A sillier question: is there a (likely) universal coefficient theorem?
It's just a finer invariant: if you want to distinguish two spaces that have the same cohomology groups algebraically speaking, showing that those groups acquire different topologies in the refined setting would do the trick. That's just a vague answer because he didn't go any deeper than to explain what kernels look like in that setting (i.e. how the obstruction to being an abelian category is avoided). So I similarly have no clue about the universal coefficient theorem without doing a bunch of digging.
JR said:
Is the condensed stuff (and I am guessing that this course is part of it if not adjacent) not "just" a language itself that allows one to handle analysis more algebraically? Are there prospects for proving substantially new theorems that would be of "external" interest?

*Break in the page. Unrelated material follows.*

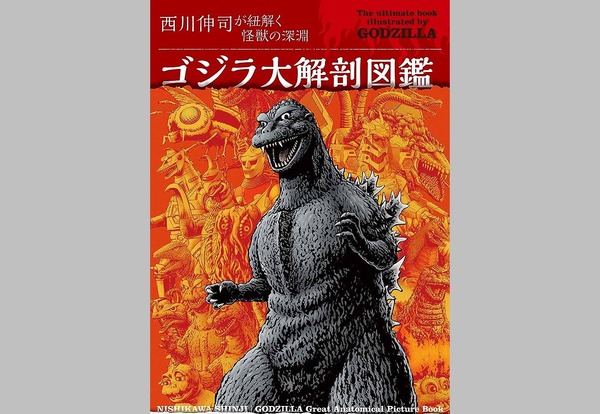 ★メディコムトイ GODZILLA VINYL WARS ヘドラ(解剖図解) ② ゴジラ対ヘドラ ゴジラ VINYL WARS ヘドラ 解剖図解 ゴジラ対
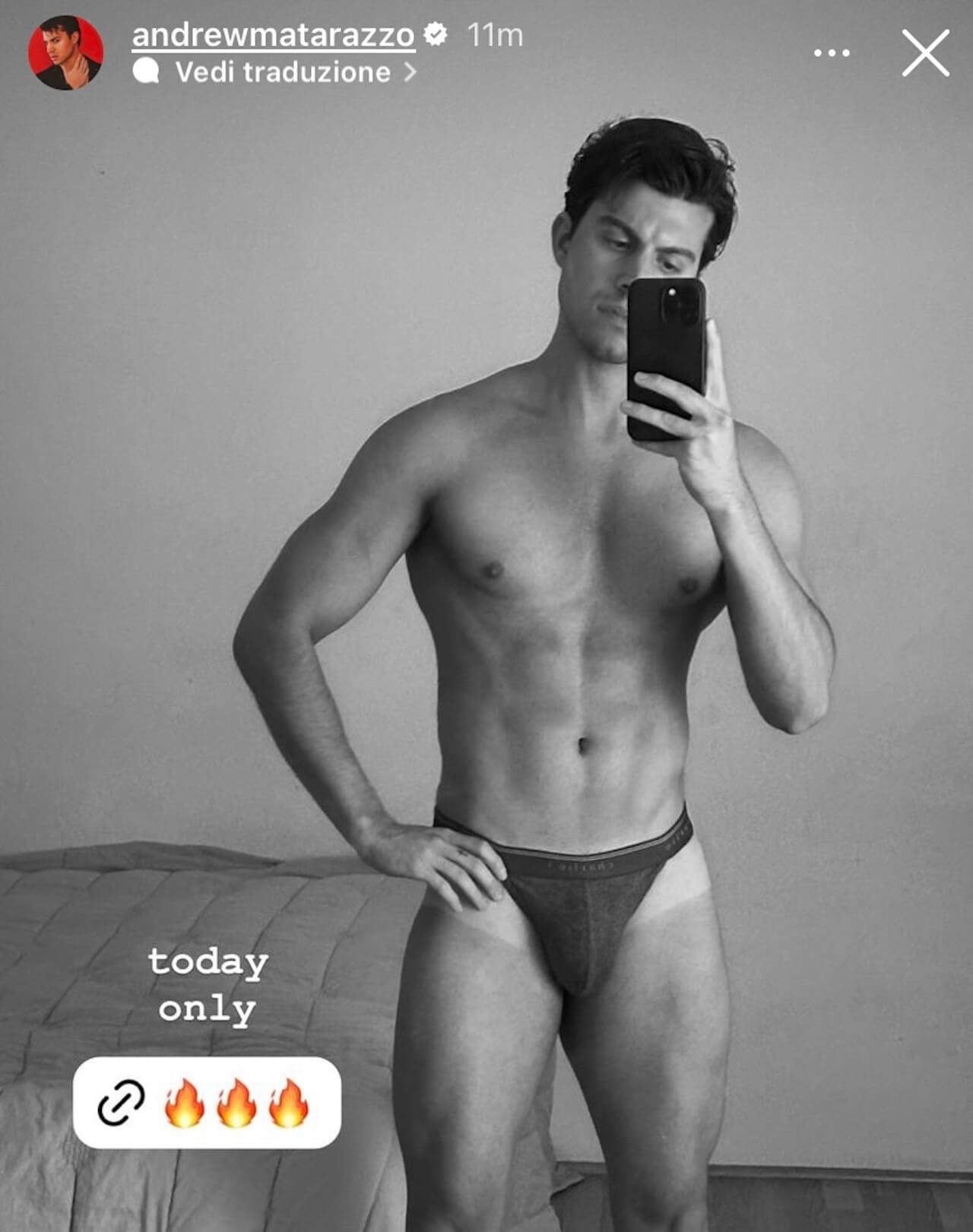 Andrew Materazzo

Asking for a friend.
It's my understanding that the Fargues-Scholze paper from several years ago already contains theorems of external interest.
@JR there is a full-blown six-functor formalism for derived condensed abelian groups, so you don't just get UCT, you have a massive working toolkit for bringing all flavours of analytic geometry under a single definition, archimedean and non.
One might say perfectoid spaces are just a language, but they have been used to prove serious theorems in algebra. The hope for Scholze is to prove new big theorems with their analytic stacks.
"Just a language": One of the theses of Orwell's 1984 was that you can control what people think if you can control how they speak. The notion of the internal language of a category formalizes this thesis. I have no built-in way of talking about pairs in an arbitrary category; for that I must use a monoidal category. I cannot describe what it means to be a field using an algebraic theory, because I can't express the concept that 0 ≠ 1; but I can express it in a geometric theory.
Mike Stay said:
"Just a language": One of the theses of Orwell's 1984 was that you can control what people think if you can control how they speak. The notion of the internal language of a category formalizes this thesis. I have no built-in way of talking about pairs in an arbitrary category; for that I must use a monoidal category. I cannot describe what it means to be a field using an algebraic theory, because I can't express the concept that 0 ≠ 1; but I can express it in a geometric theory.
Channeling Sapir-Whorf and Snow Crash
https://en.wikipedia.org/wiki/Linguistic_relativity
One of the theses of Orwell's 1984 was that you can control what people think if you can control how they speak. The notion of the internal language of a category formalizes this thesis.